The directory `data` corresponds to the corpus in *hgct*’s corpus
representation. It contains five directories, each of which corresponds
to a subcorpus. Directory `01`, `02`, and `03` consists of small samples
of Literary Chinese texts collected from the Chinese Text Project
(<https://ctext.org>). Directory `08` holds modern Chinese texts sampled
from ASBC. The directory `10` is a toy corpus in @gries2020 \[p. 102\]
used for illustrating calculations of dispersion measures.

In this tutorial, we demonstrate the supported functionalities in *hgct*
for searching the corpus.

## Loading Corpus Data into Concordancer

Provided that the input corpus follows the required directory structure
mentioned in @sec:corpus-structure-and-input-data, users could convert
the input corpus to the internal corpus representation with
`PlainTextReader()` as in the following code block. Since we are now
demonstrating the search functions, we immediately pass the corpus to
`Concordancer()`, which is the object used in *hgct* for searching the
corpus.

In [2]:
from hgct import PlainTextReader, Concordancer
c = Concordancer(PlainTextReader("data/").corpus)

The `Concordancer` object could be used to retrieve results matching the
search pattern as a sequence[1] of concordance lines. Since many of the
search patterns would return plenty of results, we define a wrapper
function `get_first_n()` here for the purpose of demonstration.

[1] More precisely, a *generator* of concordance lines.

In [3]:
def get_first_n(cql, n=10, left=5, right=5):
    out = []
    for i, r in enumerate(c.cql_search(cql, left=left, right=right)):
        if i == n: break
        out.append(r)
    return out

## Search by Character

In our first example, we define the search pattern as
`[char="龜"] [char="[一-龜]"]`, which roughly means

> a sequence of two characters starting with “龜” and ending with any
> Chinese characters (not, e.g., punctuations)

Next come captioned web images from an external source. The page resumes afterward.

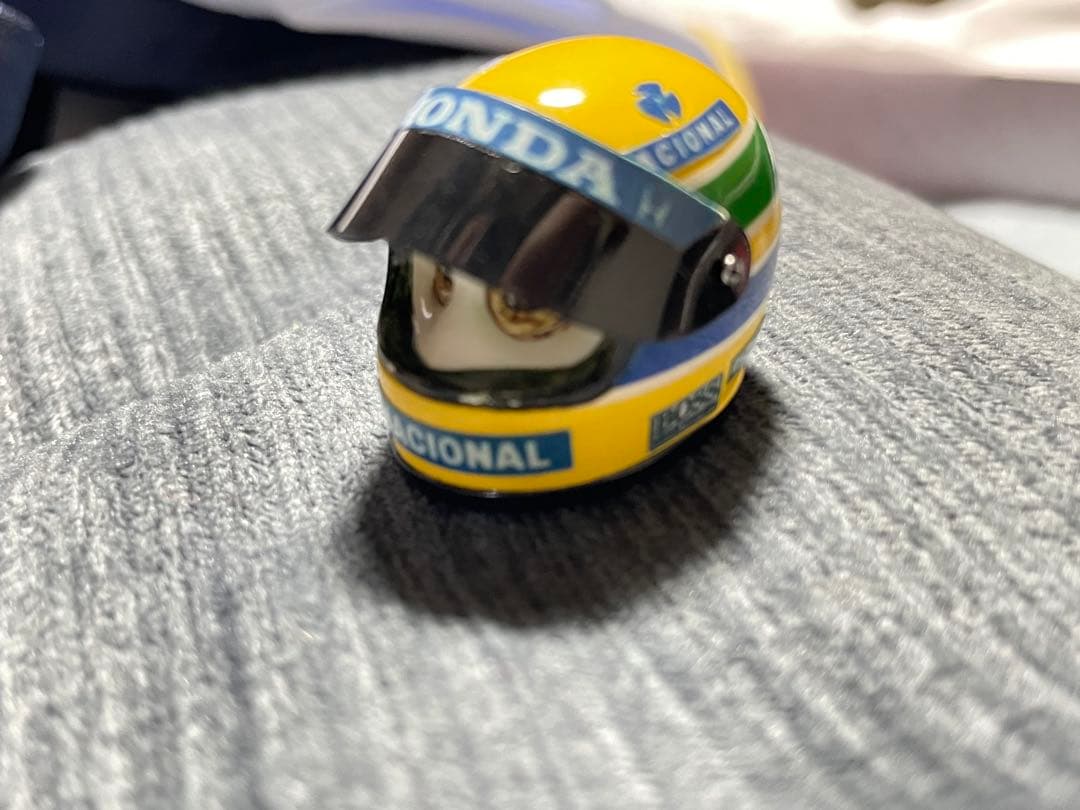 f103 1/10 ラジコン マクラーレン mp4/4 +ヘルメット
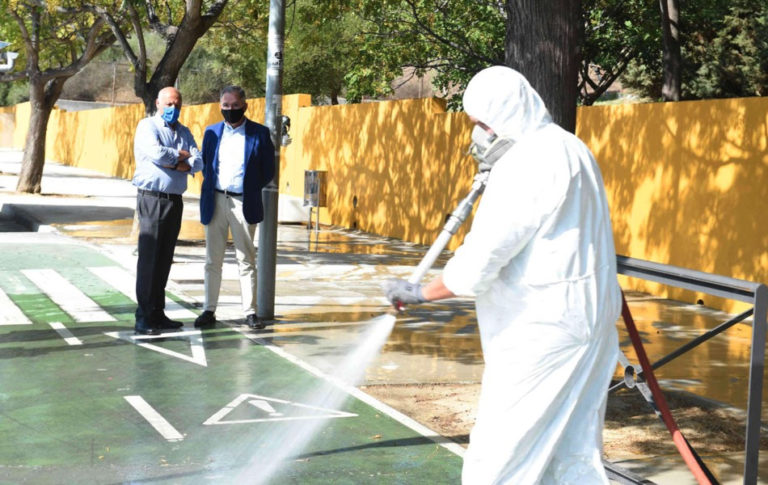 El Ayuntamiento intensifica las labores de limpieza y desinfección en los accesos a los centros escolares de la ciudad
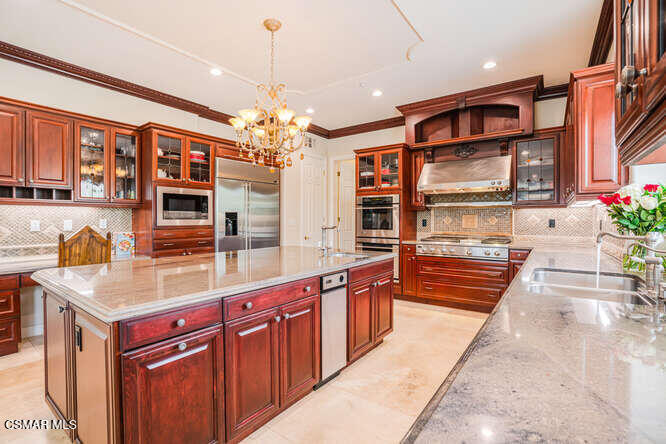 5326 Calarosa Ranch Road Camarillo, CA 93012 - Photo 18 of 83 5326 Calarosa Ranch Road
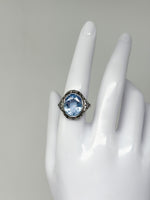 Laden Sie das Bild in den Galerie-Viewer, Ring 585er Weißgold mit Aquamarin und Diamanten
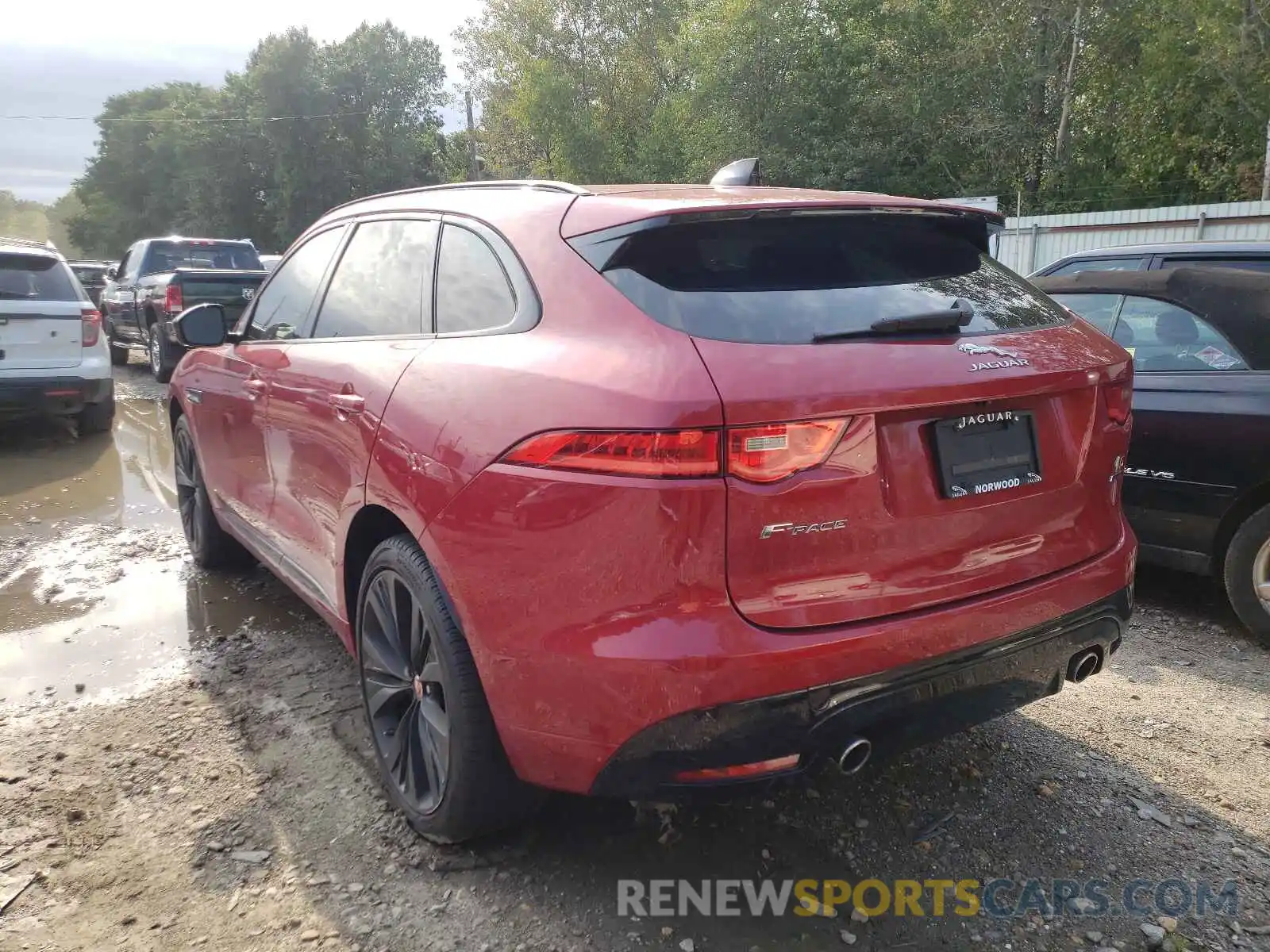 3 Photograph of a damaged car SADCM2FV3LA625544 JAGUAR F-PACE 2020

Passing this pattern to `get_first_n()` (or `Concordancer.cql_search()`
gives us a sequence of `Concord` objects. A `Concord` object is used to
represent a matched result returned from the corpus in *hgct*.

In [4]:
cql = '''
[char="龜"] [char="[一-龜]"]
'''
# left/right: left/right context size around the keyword
results = get_first_n(cql, n=5, left=6, right=3)  
results

[<Concord 遷有無，貨自{龜貝}，至此>,
 <Concord 山在西北。有{龜山}。有龍>,
 <Concord ，故獸不狘；{龜以}為畜，>,
 <Concord 江郡常歲時生{龜長}尺二寸>,
 <Concord 無為頓復卜三{龜知}。聖人>]

To get more information about a particular matching result, we can look
at the `data` attribute in a `Concord` object, which is a dictionary
holding the relevant information of the matching result.

In [5]:
result_1 = results[0]
result_1.data

{'captureGroups': {},
 'keyword': '龜貝',
 'left': '遷有無，貨自',
 'meta': {'id': '02/漢書_傳.txt',
  'text': {'book': '漢書', 'sec': '傳'},
  'time': {'label': '漢', 'ord': 2, 'time_range': [-205, 220]}},
 'position': (1, 6, 3482, 42),
 'right': '，至此'}

Note the `position` key in `Concord.data`. It holds the position of the
matched keyword in the corpus. The elements in the 4-tuple
`(1, 6, 3482, 32)` correspond respectively to the indices of
`(subcorpus, text, sentence, character)`.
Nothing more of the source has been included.